• **What you have to do**
Begin at the first line of the data and copy each line through the one containing "Hello everyone, assalamualaikum.", that line included, with no pictures.

━━━ Data ━━━

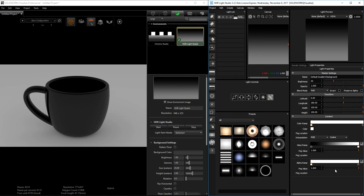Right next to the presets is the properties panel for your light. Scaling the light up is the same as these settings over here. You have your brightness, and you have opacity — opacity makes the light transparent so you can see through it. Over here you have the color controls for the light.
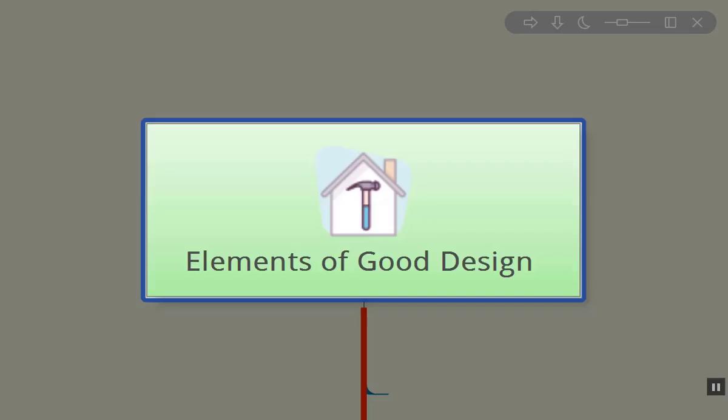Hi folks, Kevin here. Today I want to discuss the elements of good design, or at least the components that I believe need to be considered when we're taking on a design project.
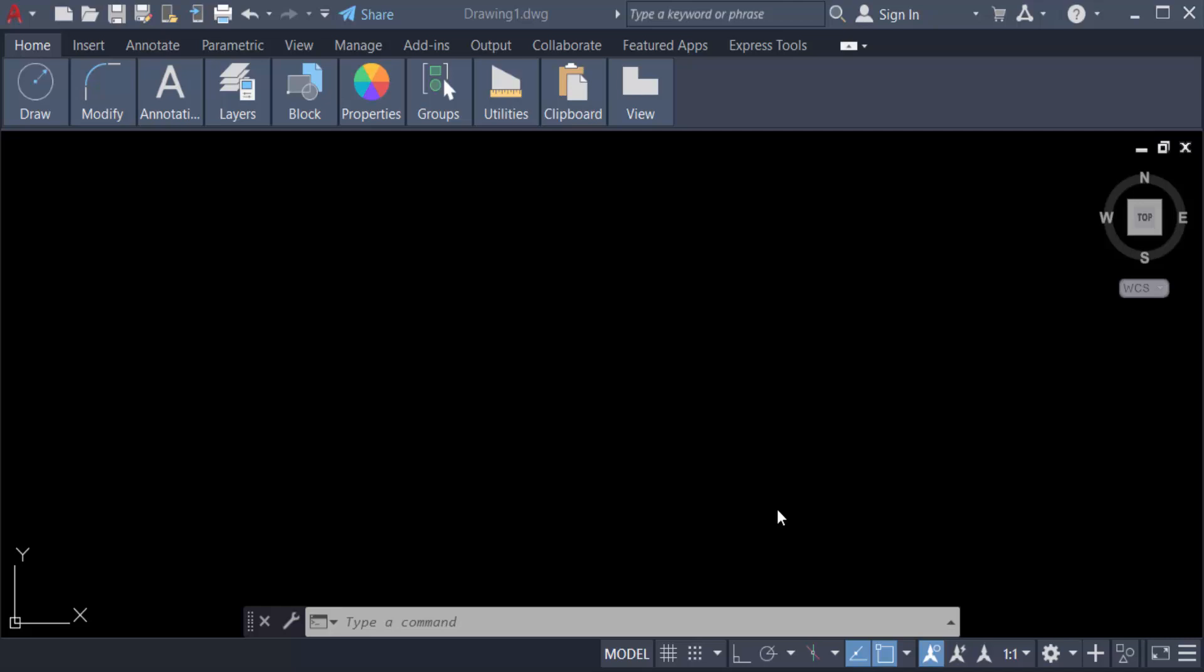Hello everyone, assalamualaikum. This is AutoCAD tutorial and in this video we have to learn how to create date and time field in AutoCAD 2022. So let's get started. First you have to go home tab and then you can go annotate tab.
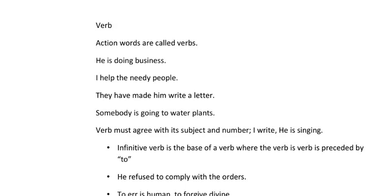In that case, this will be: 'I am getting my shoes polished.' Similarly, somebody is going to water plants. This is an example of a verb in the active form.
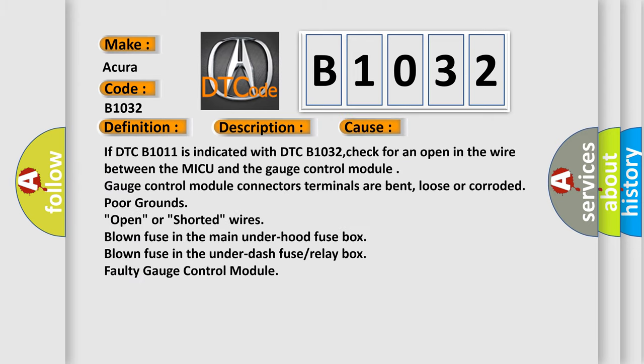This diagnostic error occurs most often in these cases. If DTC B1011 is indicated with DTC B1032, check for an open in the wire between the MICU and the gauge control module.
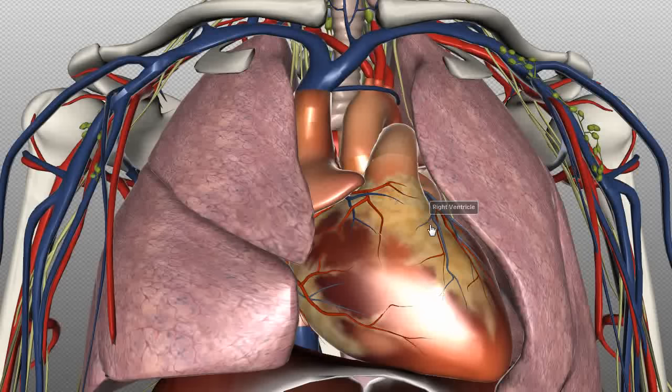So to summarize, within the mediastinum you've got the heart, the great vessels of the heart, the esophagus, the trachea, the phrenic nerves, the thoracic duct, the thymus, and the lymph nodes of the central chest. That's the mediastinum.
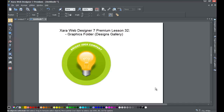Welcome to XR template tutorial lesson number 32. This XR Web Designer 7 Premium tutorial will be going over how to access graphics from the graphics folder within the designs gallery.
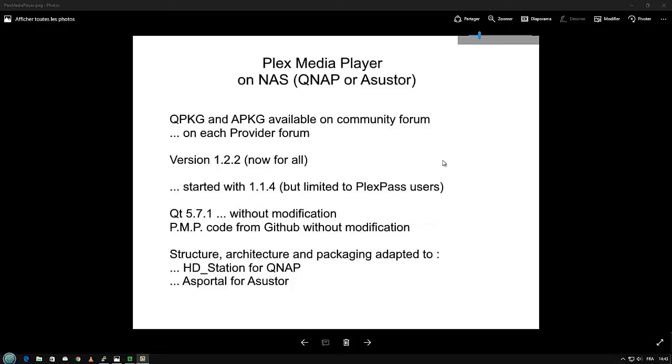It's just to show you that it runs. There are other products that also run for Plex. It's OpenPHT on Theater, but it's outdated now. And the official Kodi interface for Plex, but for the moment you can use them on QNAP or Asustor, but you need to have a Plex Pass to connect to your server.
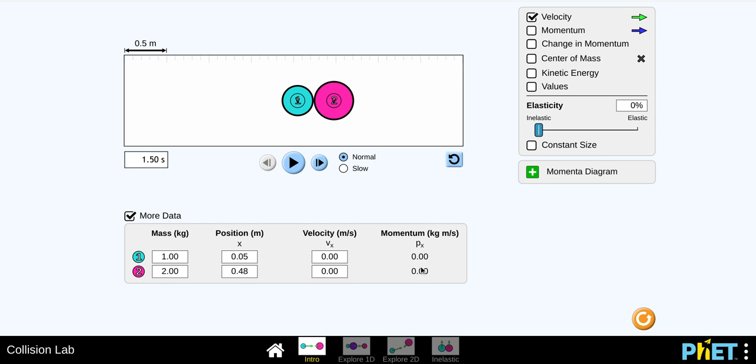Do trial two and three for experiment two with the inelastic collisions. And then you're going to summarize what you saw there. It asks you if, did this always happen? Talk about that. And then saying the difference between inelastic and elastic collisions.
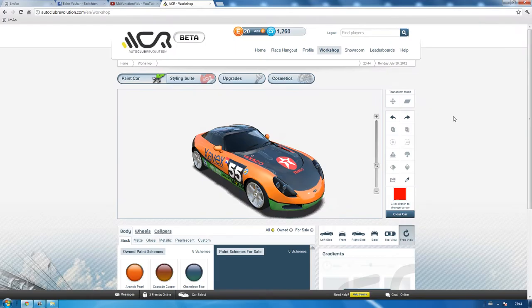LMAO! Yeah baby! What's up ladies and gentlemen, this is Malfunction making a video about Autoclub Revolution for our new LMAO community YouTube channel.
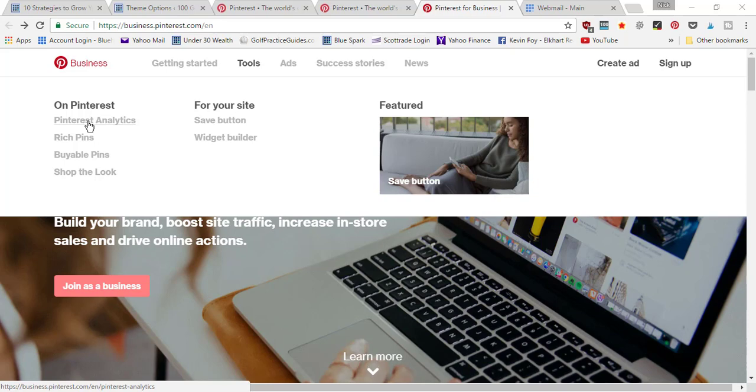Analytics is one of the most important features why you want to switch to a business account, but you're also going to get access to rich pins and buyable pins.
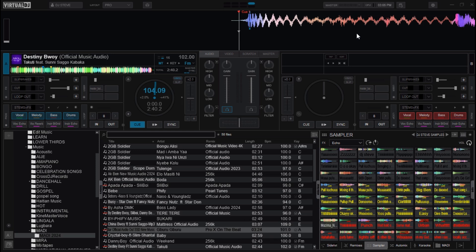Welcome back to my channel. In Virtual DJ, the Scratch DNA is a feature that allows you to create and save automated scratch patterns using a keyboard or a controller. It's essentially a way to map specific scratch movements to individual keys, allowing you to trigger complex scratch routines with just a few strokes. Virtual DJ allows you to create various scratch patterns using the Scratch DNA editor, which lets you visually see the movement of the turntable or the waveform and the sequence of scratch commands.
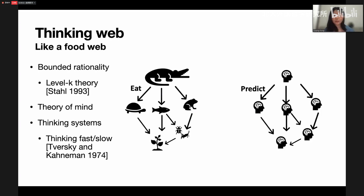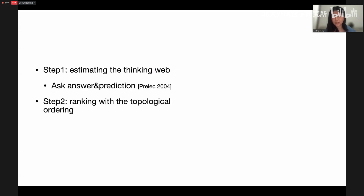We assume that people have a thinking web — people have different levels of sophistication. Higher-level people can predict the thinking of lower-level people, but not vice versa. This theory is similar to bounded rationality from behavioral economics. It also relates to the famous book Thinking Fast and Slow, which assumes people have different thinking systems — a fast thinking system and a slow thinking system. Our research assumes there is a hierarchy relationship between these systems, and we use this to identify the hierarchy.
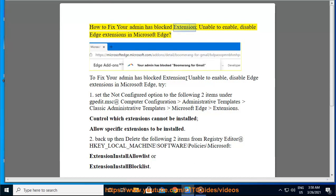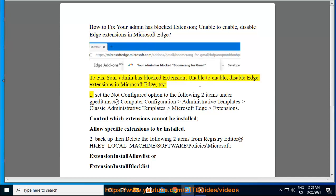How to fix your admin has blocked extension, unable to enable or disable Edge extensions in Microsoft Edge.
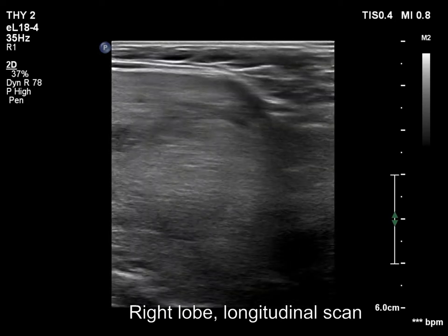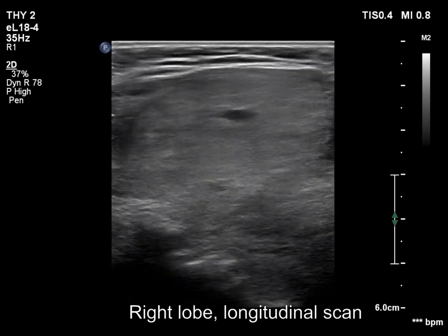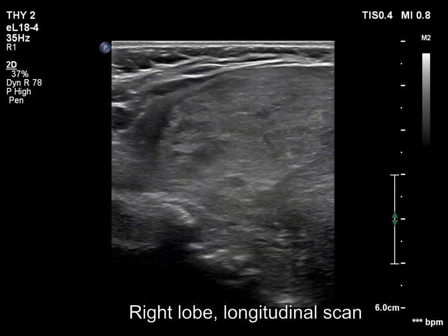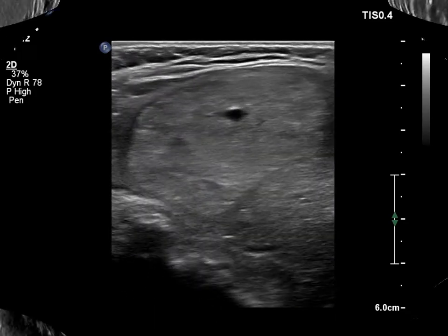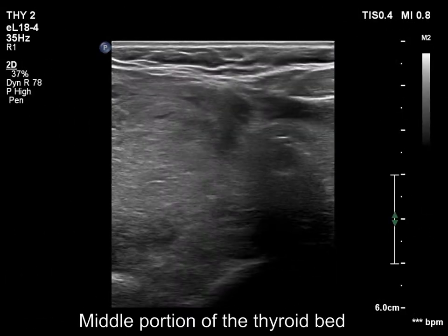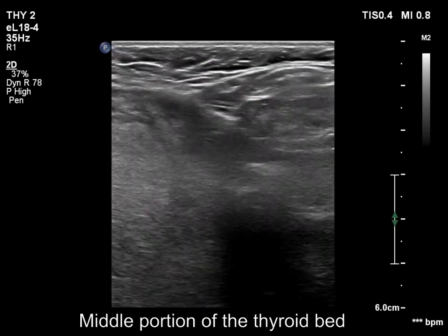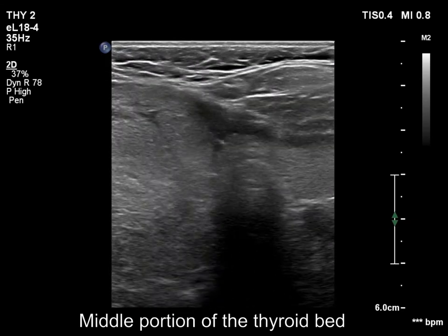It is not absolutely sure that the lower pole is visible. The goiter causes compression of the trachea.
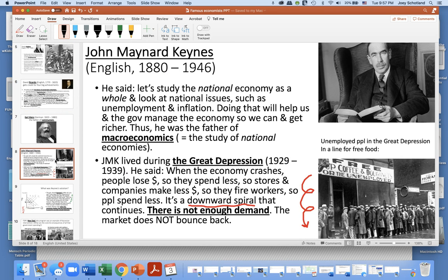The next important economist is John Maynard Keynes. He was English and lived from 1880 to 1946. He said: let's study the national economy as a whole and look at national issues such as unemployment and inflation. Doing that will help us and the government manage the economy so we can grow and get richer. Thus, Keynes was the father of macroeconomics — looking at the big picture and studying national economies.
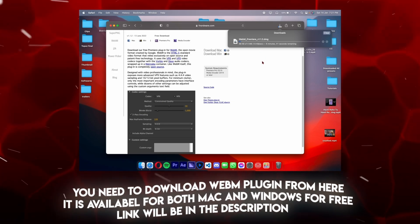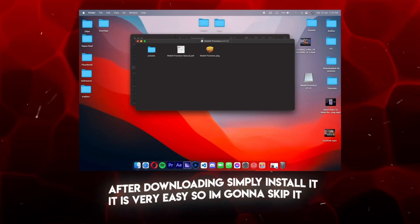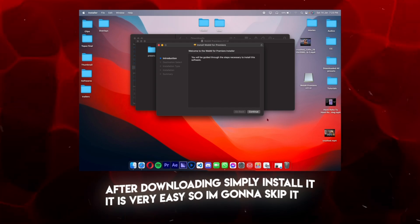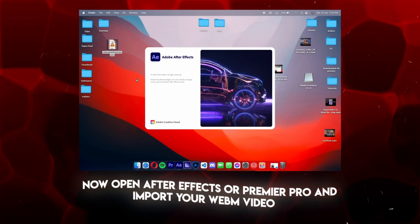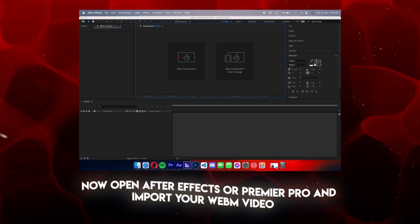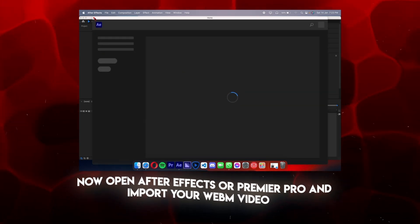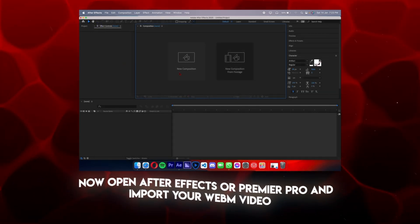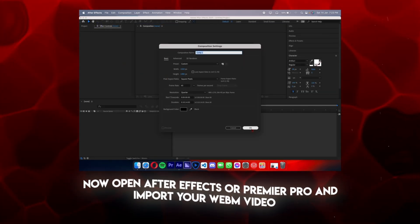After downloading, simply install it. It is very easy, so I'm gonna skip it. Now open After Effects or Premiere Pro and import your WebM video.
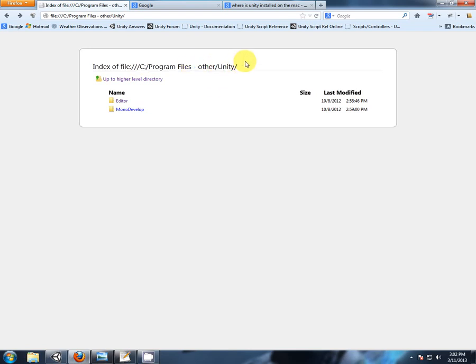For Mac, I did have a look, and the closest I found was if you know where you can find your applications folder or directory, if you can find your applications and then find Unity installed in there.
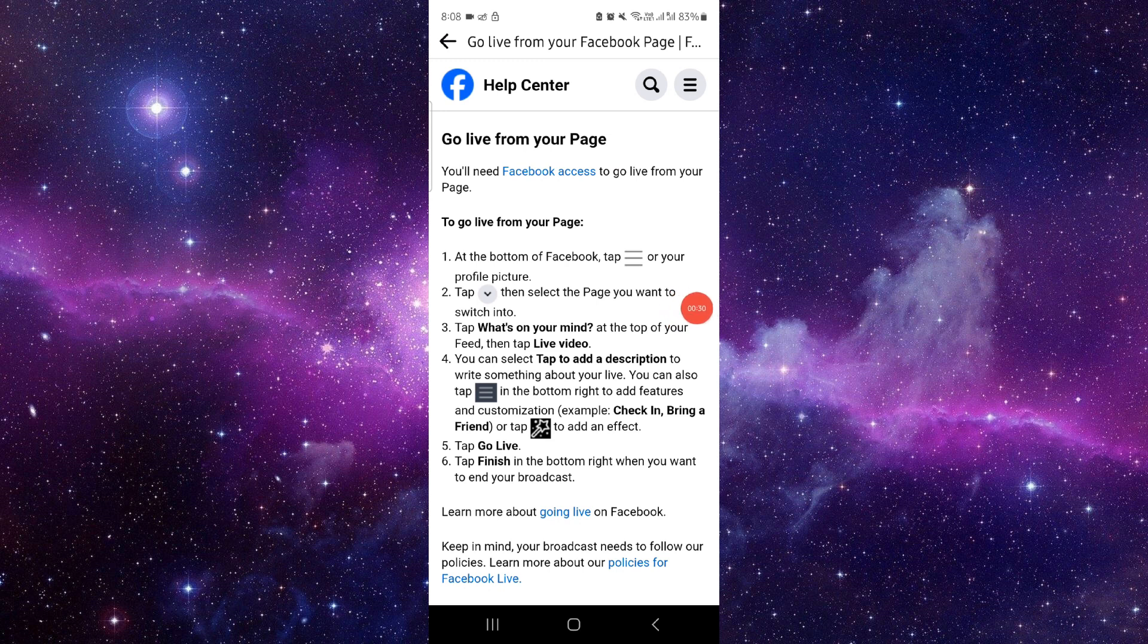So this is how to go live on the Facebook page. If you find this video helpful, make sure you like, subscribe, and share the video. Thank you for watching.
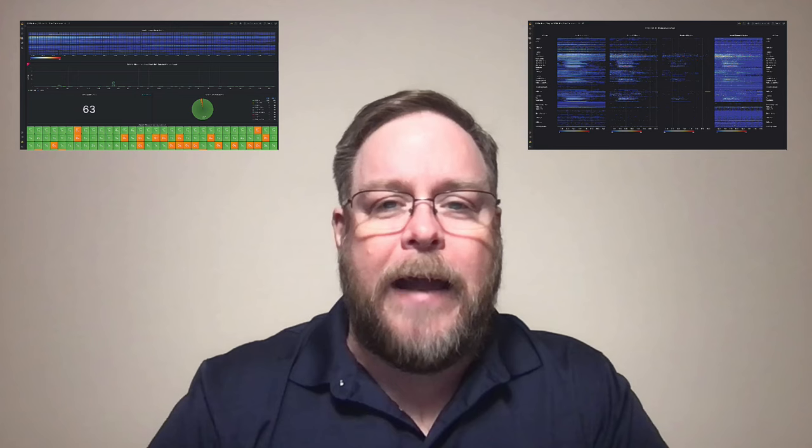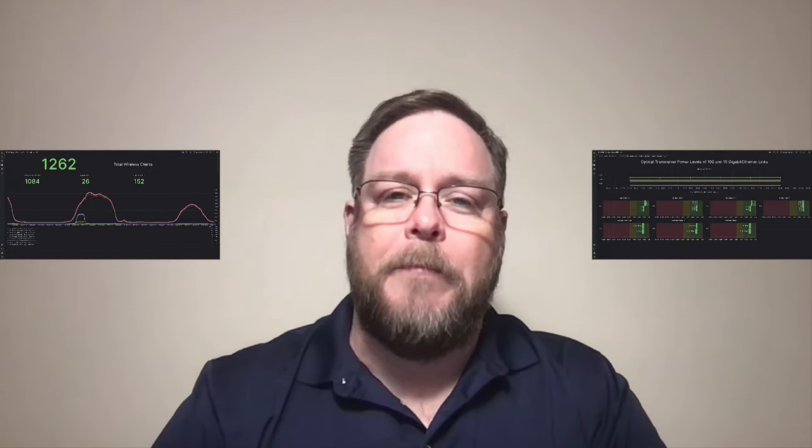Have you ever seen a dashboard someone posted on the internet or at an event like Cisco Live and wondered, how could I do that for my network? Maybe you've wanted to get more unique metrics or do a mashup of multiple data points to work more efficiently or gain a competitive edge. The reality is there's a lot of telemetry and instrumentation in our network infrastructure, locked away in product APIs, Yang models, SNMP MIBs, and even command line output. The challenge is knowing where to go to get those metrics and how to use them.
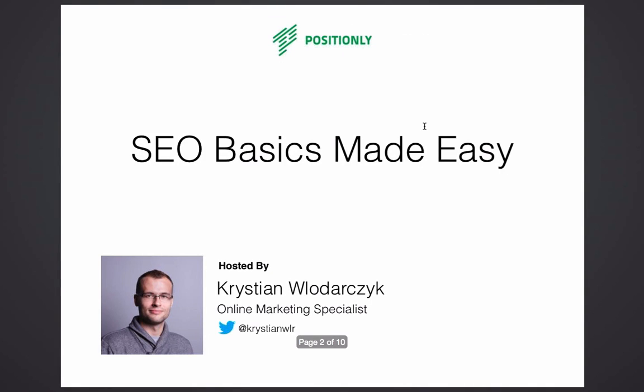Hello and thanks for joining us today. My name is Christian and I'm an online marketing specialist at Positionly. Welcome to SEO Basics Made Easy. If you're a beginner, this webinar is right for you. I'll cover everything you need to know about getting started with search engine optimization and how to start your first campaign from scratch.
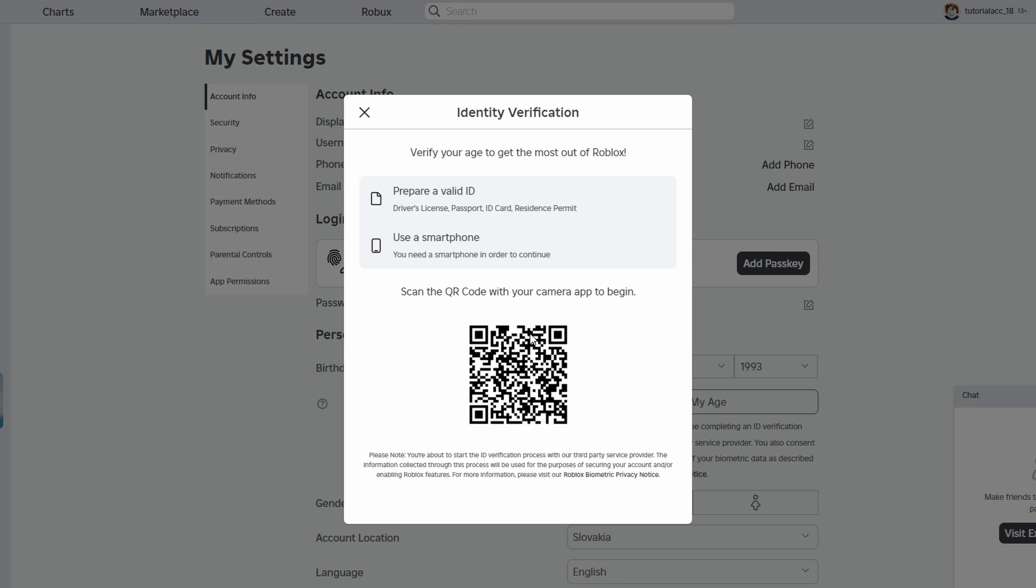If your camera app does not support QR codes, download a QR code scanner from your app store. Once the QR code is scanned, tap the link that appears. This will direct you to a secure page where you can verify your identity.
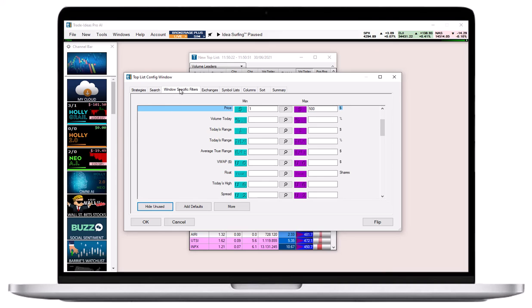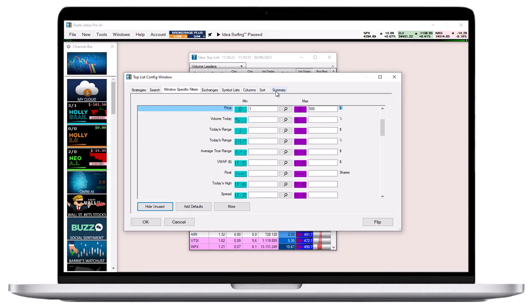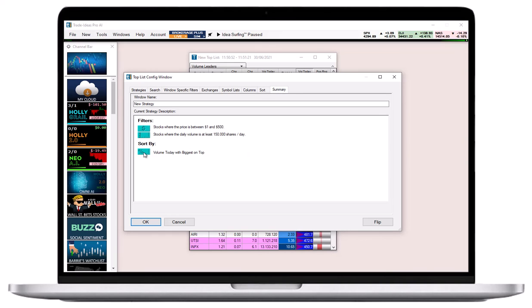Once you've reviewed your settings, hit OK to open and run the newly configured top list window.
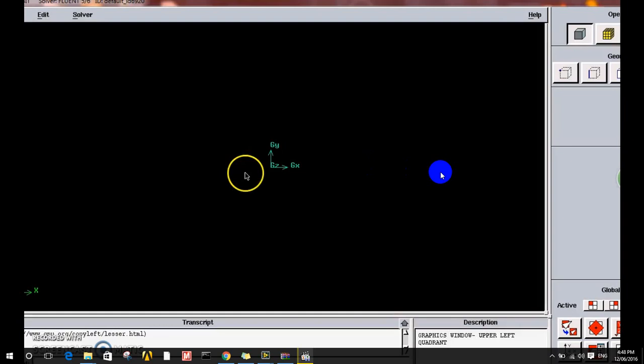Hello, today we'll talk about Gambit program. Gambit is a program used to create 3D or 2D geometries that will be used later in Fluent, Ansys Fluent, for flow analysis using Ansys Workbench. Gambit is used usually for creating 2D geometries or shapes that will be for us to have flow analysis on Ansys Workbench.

━━━

• **Your response**
Right next to the presets is the properties panel for your light. Scaling the light up is the same as these settings over here. You have your brightness, and you have opacity — opacity makes the light transparent so you can see through it. Over here you have the color controls for the light.
Hi folks, Kevin here. Today I want to discuss the elements of good design, or at least the components that I believe need to be considered when we're taking on a design project.
Hello everyone, assalamualaikum. This is AutoCAD tutorial and in this video we have to learn how to create date and time field in AutoCAD 2022. So let's get started. First you have to go home tab and then you can go annotate tab.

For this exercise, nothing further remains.